What needs to be done
Wherever the word "rose" turns up in a line of the entries, copy that line.

Exercise data
▬▬▬▬▬▬▬▬▬▬

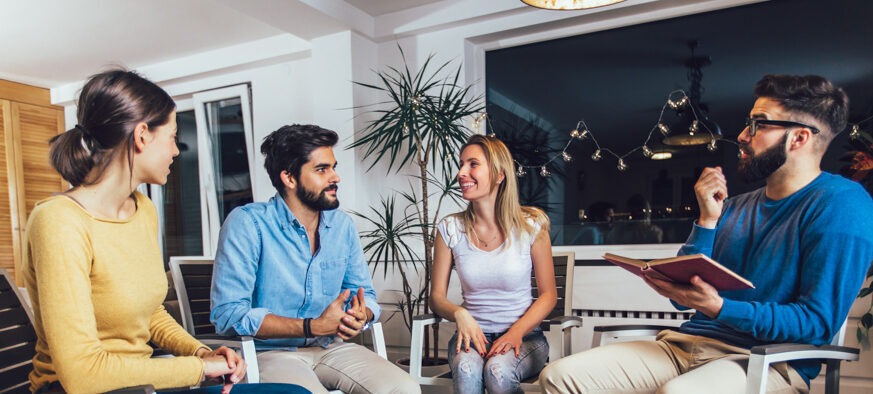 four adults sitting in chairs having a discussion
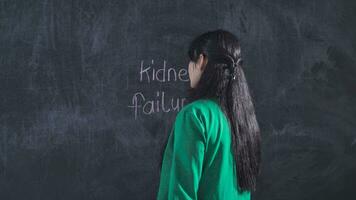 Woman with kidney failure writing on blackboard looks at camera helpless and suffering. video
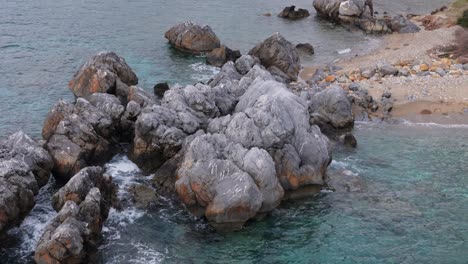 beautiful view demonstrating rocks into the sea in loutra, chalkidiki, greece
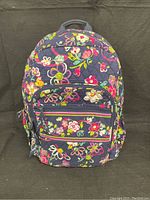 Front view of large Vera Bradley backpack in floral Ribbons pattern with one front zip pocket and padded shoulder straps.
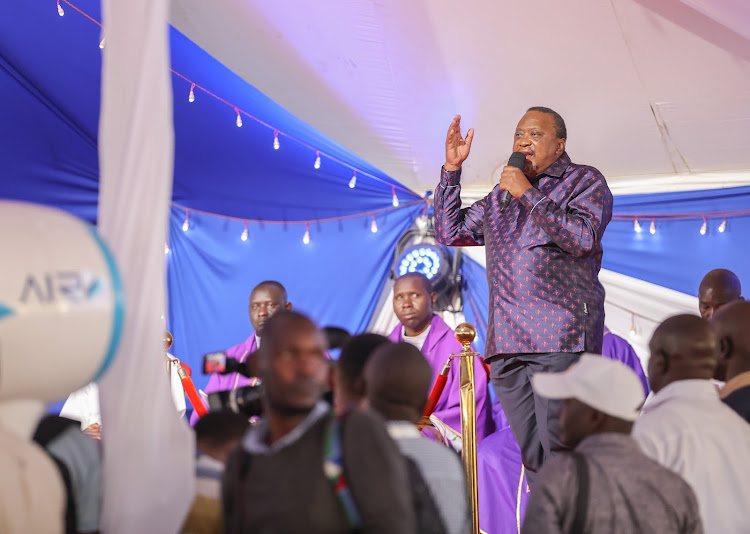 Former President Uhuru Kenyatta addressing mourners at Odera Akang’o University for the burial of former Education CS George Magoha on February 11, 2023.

▬▬▬▬▬▬▬▬▬▬

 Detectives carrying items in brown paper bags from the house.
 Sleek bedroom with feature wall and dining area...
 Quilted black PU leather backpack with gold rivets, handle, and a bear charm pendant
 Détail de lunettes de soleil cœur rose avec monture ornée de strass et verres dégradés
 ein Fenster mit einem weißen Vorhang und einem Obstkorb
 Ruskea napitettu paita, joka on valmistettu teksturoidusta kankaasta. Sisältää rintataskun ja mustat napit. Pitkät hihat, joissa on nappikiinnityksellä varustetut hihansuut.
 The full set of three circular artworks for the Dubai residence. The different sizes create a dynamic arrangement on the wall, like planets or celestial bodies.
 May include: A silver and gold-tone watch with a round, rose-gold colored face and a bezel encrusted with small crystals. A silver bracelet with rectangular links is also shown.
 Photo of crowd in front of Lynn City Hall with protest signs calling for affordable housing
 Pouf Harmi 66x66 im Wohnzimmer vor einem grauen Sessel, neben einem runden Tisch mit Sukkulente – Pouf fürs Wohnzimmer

▬▬▬▬▬▬▬▬▬▬

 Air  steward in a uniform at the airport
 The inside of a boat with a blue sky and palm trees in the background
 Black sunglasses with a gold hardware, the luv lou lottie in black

▬▬▬▬▬▬▬▬▬▬

Result of the exercise
 Détail de lunettes de soleil cœur rose avec monture ornée de strass et verres dégradés
 May include: A silver and gold-tone watch with a round, rose-gold colored face and a bezel encrusted with small crystals. A silver bracelet with rectangular links is also shown.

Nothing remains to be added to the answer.